Beyond the dykes stretched the seemingly endless lushness of grazing marsh, in all directions.
I walked on to cross the arrow straight single track railway line stretching to its vanishing point in both directions, the only punctuation was Berney Arms Station, probably the smallest railway station in the UK. No desperadoes were waiting for a train today but a solitary Carrion Crow, hunched in its black plumage on the short platform, served as a gunslinger today.
I reached Polkeys Mill, a preserved wind pump with its associated pump houses, which housed steam pumps a lifetime ago. Now they are a silent testimony to a time when such work was overseen by men rather than telemetry.
It is always easy to linger here and sit on the seat on the riverbank but today I was searching for an illusion incarnate: Bearded Tits. I turned right and followed the River Yare upstream.

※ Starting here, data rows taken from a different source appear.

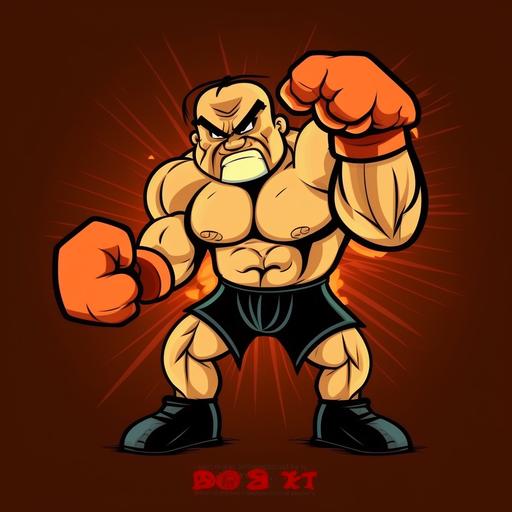 cartoon fist boxer shows gloves, well-built body, fight on fire, furious, picture very detailed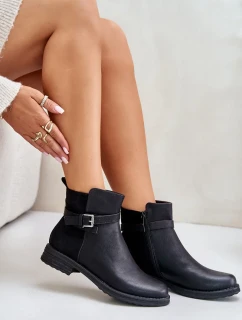 Zateplené Kotníkové Boty Na Plochém Podpatku S Páskem Černé Sabamessa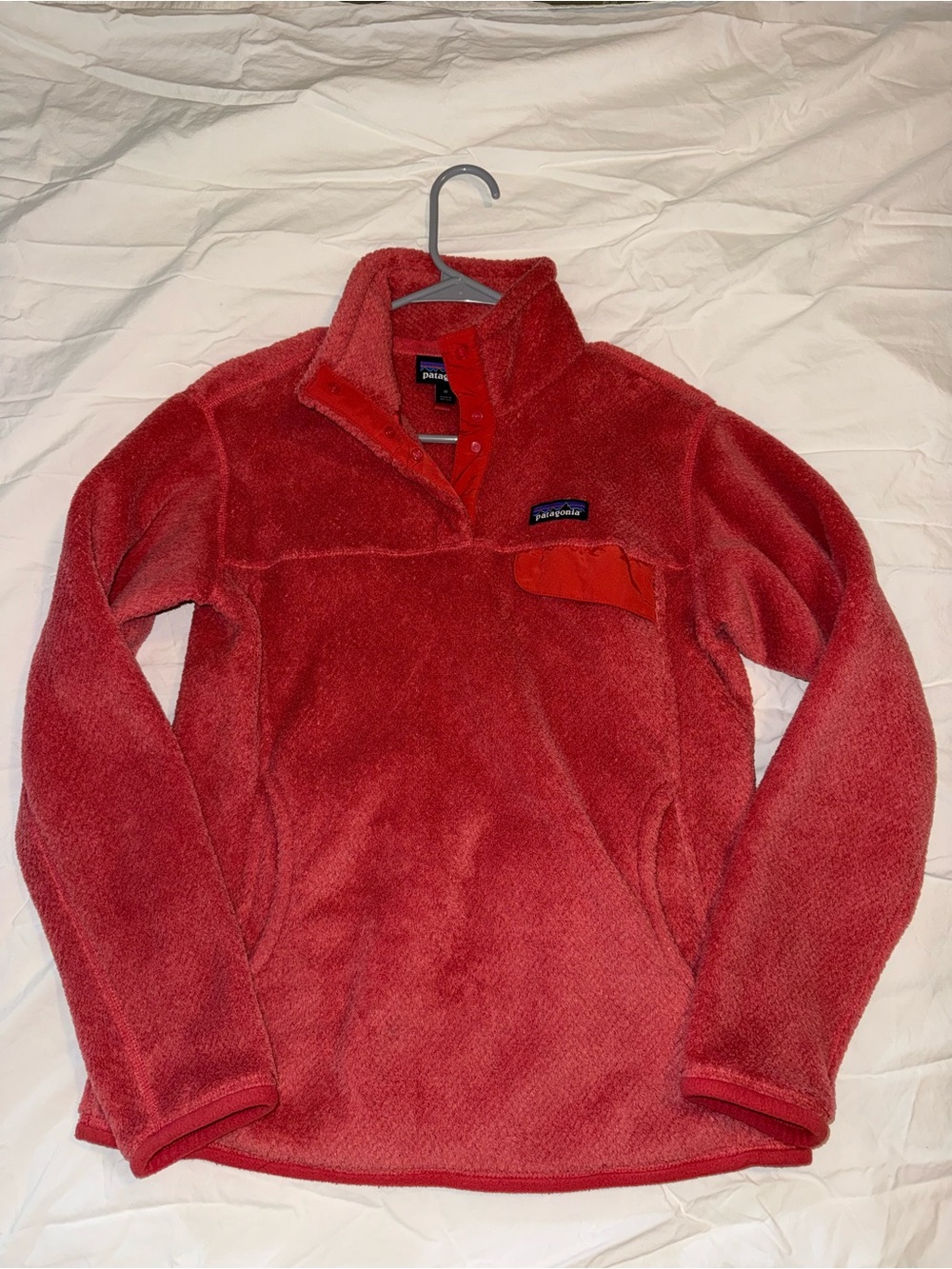 Patagonia Pink/Red Snap-Up Fleece Sweater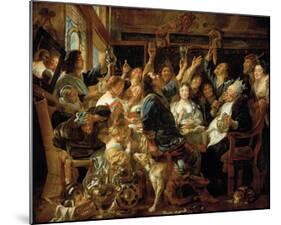 The Feast of the Bean King-Jacob Jordaens-Mounted Premium Giclee Print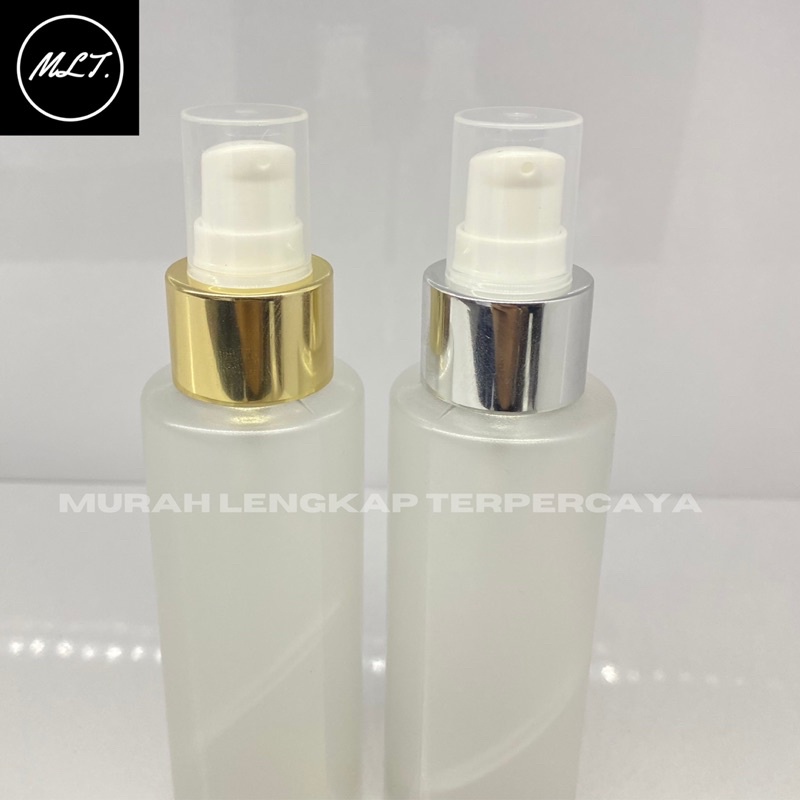 BOTOL RF 100ML FROSTED PUMP TREATMENT GOLD SILVER HALF CAP PET BOTOL PLASTIK FROSTED 100 ML GOLD SILVER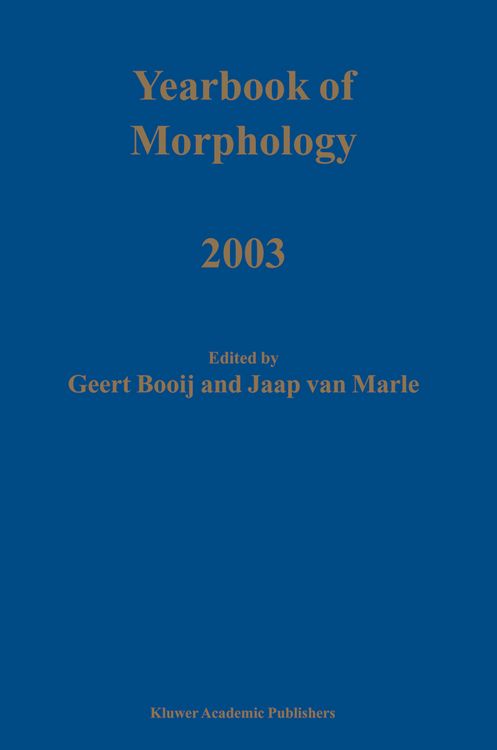 Produktbild: Yearbook of Morphology 2003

These little birds are enigmatic and iconic, the poster birds for this area yet seldom seen except by the cognoscenti. For a start, their name is a misnomer on two counts. They are neither bearded or members of the Tit family, the Paridae. Their other common name is Bearded Reedling. This little bird was first described in 1758 by the famed Swedish scientist Carl Linnaeus, the father of modern taxonomy, who placed it in the same genus as the other members of the Tit family. After further thought over the subsequent centuries it was decided that Bearded Reedlings are unique, with no other close relations. Now they are the sole members of the family Panuridae, the name of which is a reference to their long tails.
These wonderful birds are very much habitat specific and the riverside reedbeds or ronds of Broadland are a stronghold. They are found in other parts of the UK but they are, like Swallowtail butterflies, mostly associated with this area. There are estimated to be 630 breeding pairs nationally but their numbers fluctuate annually as they are hard hit by very cold winters.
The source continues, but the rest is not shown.